Wednesday, November 4, 2015
A Gift a Day Gift Two (and Three): Embroidered Handkerchiefs
This is a gift that will be being given to my husband and son. I embroidered two handkerchiefs with the first letter of our last name and tried to make them decorative but more "male oriented" colors, so they wouldn't be too girly for the men in my life.
I made one handkerchief with a bigger B than the other to show, in my own special way, not only which handkerchief belongs to who, but also to show my love for my husband and little man.
When it comes to embroidery some people will hold a print out of what they want to embroider and put a piece of cloth in front of it at a sunny window and trace the design onto the cloth with a quilting pen or something similar. I can't really call myself "artistically talented" but one thing I can do well is copy by eye what I'm looking at (I call myself a natural forger ;), so I just free hand my embroidery designs onto the cloth with a ball point pen, as lightly as I can so it'll wash out without any problems.
Also, you can note above the difference between DMC embroidery floss and the "other guys". I got the embroidery floss for my husband's handkerchief as part of a big batch of embroidery floss from the used stores. My son's I went and matched the colors as closely as I could using DMC floss. The DMC floss didn't shrink at all. My husband's handkerchief I washed in cold water by hand and the floss shrank, so I have been working on reducing the wrinkled appearance of the embroidery. Annoying, but not much to be done about it (the darker parts of the handkerchief that has wrinkles is where I wet the fabric down pressing it to try and get the wrinkles to be less obtrusive).
I got the design for the letter B from HERE and like I said I just free handed it onto the handkerchiefs.
I outlined the B's with stem stitch and then filled the letters in with varying lengths of satin stitch.
If you are just beginning in embroidery, don't worry about filling in your work. Work on getting stem stitch down and just outlining the letters and such to make them pretty. Trust me, stem stitch isn't hard and to stop your work from puckering, use good embroidery floss (exhibit A above) and get yourself a good embroidery hoop to hold the work tight and you're good to go.
For a quick visual on what some basic embroidery stitches are you can check some of them out HERE.

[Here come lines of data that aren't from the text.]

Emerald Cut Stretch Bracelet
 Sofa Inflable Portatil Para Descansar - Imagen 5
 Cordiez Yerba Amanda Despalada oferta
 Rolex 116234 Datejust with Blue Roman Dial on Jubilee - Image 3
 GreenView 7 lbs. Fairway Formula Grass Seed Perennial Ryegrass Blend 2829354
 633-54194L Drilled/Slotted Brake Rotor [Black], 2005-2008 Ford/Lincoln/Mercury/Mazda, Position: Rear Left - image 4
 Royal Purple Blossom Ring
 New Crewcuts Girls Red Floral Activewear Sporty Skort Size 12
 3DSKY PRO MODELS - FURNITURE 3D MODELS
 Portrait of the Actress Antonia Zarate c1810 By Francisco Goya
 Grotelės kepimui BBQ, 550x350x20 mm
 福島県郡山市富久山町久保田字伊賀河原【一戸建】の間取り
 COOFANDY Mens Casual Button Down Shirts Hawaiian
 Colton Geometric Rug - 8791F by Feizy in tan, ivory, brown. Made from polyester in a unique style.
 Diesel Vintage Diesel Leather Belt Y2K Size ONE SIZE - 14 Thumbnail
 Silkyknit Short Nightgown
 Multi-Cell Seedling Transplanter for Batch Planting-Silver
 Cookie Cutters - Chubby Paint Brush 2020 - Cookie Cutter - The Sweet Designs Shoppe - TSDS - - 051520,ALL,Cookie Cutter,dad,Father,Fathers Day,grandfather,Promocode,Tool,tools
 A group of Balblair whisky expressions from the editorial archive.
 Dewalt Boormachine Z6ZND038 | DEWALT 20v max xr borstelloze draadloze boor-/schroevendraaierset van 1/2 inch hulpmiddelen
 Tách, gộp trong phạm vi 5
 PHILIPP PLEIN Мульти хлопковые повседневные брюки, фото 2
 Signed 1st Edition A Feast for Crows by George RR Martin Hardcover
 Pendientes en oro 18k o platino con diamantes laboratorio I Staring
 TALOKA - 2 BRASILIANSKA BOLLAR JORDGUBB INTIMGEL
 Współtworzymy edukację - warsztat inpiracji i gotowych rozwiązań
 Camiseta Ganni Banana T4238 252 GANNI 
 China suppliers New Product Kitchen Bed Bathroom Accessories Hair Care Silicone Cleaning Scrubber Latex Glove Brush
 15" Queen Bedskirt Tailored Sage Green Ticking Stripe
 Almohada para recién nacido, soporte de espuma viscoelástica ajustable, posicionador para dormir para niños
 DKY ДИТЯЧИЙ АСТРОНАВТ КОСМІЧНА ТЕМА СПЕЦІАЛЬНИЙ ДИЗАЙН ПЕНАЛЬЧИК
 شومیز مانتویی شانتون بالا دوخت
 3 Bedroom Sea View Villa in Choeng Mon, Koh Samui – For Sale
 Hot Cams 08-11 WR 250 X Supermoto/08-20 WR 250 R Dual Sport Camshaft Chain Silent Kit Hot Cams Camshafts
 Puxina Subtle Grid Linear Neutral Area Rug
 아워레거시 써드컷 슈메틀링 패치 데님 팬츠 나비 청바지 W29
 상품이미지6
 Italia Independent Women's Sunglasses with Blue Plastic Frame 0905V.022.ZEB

For the handkerchief's themselves I used some blue fabric scrap that I had and cut two squares that were 9x9 inches (when done they were 8" squares as I added 1/2 an inch on each side for a seam allowance). I then did a double folded quarter inch hem seam on the sides (fold the fabric 1/4 inch over and then again, to hide any exposed ends within the fold) and stitch as close to the edge as possible.
You can, if you have time and patience, make a really super thin seam around the handkerchief by hand, but since these were going to be handkerchiefs that will be used in regular rotation with other handkerchiefs, I didn't see the point in doing that and went for a more functional tough seam instead.
If you want a more in-depth tutorial for making a handkerchief you can go Here (although they use a 1/2 inch seam allowance instead of my 1/4 inch).
Total Cost to Make Gifts: Nothing as I already had the material.
Total Time to Make Gifts: About 2 hours per handkerchief between cutting them, sewing them and embroidering them with distractions (read kids) in between. Oddly enough I found I'm pretty quick at embroidery.